The Reproduction of “Automated Pavement Crack Segmentation Using U-Net-Based Convolutional Neural Network”

11 min readApr 16, 2021

Authors: Jeroen Dekker & Aakaash Radhoe

In this blog, we will reproduce the results of Tables 1 & 2 of the original paper. In this reproduction, we try to get a similar result as found in the paper. This is done from scratch since there was no code or data shared by the authors of the paper. So we had to search for the datasets (CFD and Crack500) online and found these at: https://drive.google.com/drive/folders/1y9SxmmFVh0xdQR-wdchUmnScuWMJ5_O-. The U-Net-based Convolutional Network was made by us, with the help of the PyTorch documentation. For the reproducibility project, we chose to work with PyTorch as well since this library already had documentation on the U-net and ResNet34. Our code is available at: https://github.com/aakaashradhoe/CS4240-DL

The goal of the paper

Source: Lau, S. L., Chong, E. K., Yang, X., & Wang, X. (2020). Automated pavement crack segmentation using u-net-based convolutional neural network. IEEE Access, 8, 114892–114899.

The goal of the paper is to detect cracks in images. This is done by using a U-Net-based convolutional network with a ResNet34 encoder. The Resnet34 is already pre-trained on the ImageNet dataset. That is the architecture of the network, for the loss function used in the paper is the Dice Loss function, the output of the network is passed first through a sigmoid to clip the output between 0 and 1 values. The output is then passed through the loss function, which is used to optimize the weights of the layers. The network is split into three-layer groups and they all have different learning rates assigned to them. The layer groups received learning rates of ratio: 1/9: 1/3: 1. Before inputting the data from the dataset the images are resized, the neural network is trained on images with progressively increasing sizes: 128 x 128, 256 x 256, and 320 x 320. This was done by resizing and cropping the images. Further in the data pre-processing step, the authors applied image augmentations randomly to each image. There are three kinds of augmentations performed, which are: random rotations between 0° and 360°, random flips in the horizontal and vertical axis, and random changes in lighting.

Original results of the paper

The result of the paper we want to reproduce is tables 1 & 2, which show the precision, recall, and F1 score of the test images. This is already a table where the authors compared their results with that of other papers, it can be concluded that their method was outperforming the others in almost all the scores. We will compare our results with this table to see how well our model performed on the datasets.

Source: Lau, S. L., Chong, E. K., Yang, X., & Wang, X. (2020). Automated pavement crack segmentation using u-net-based convolutional neural network. IEEE Access, 8, 114892–114899.

The Model

We initially started figuring out how to work with the Resnet code. We studied its structure to understand how the layers were built and which PyTorch modules were applied. This is important since the U-shaped resnet34 network requires skipping connections in the Resnet encoder in the same layer to be used in the decoder.
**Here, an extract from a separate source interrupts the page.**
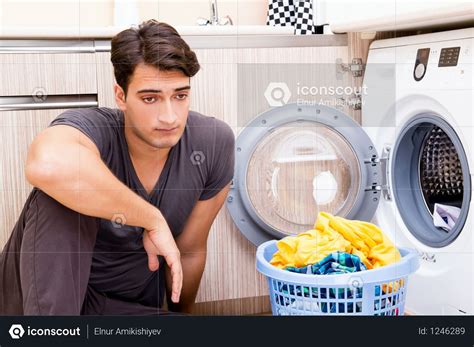 Premium Young Husband Man Doing Laundry At Home Photo Download In Png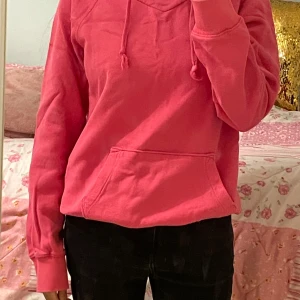 Rosa hoodie med ficka - Säljer en enkel och snygg rosa hoodie med huva och dragsnören. Tröjan har en stor magficka framtill och är tillverkad i mjukt material. Perfekt för en avslappnad stil.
Searching the internet yielded no solutions to enable these skip connections with Resnet code and we chose to first implement the entire decoder in the Resnet code to continue working on other important parts of the reproduction project. Later we learned of a more elegant solution but were unable to implement it due to time constraints.

We edited the code in two parts of the Resnet code, the code we edited: https://github.com/pytorch/vision/blob/master/torchvision/models/resnet.py. Before we did this we needed to add the SCSE function. We couldn’t find the SCSE module code mentioned in the source paper so we used the SCSE from pytorch-segmentation/README.md at master · nyoki-mtl/pytorch-segmentation · GitHub.

We edited code in two parts of the Resnet class in the Resnet code. We first defined the PyTorch modules for decoder layers in the __init__ function. Each module in each layer has its own initialized weights, so also the batch normalization layers and the SCSE layers. The added code in this part is illustrated below.

Several important things should be noted here. We initialized the transpose convolution weights with the kaiming normal distribution function. It was not indicated in the reproduction paper if they used kaming normal or kaiming uniform. Secondly, it was unclear if other layers would also need such initialization. We assumed since it was not mentioned that this was not necessary. Thirdly we removed the weight initialization for the average pool and linear layer as was mentioned in the reproduction paper. Lastly, we added three layer groups that are needed for the learning rate cycler used later in the training of the data.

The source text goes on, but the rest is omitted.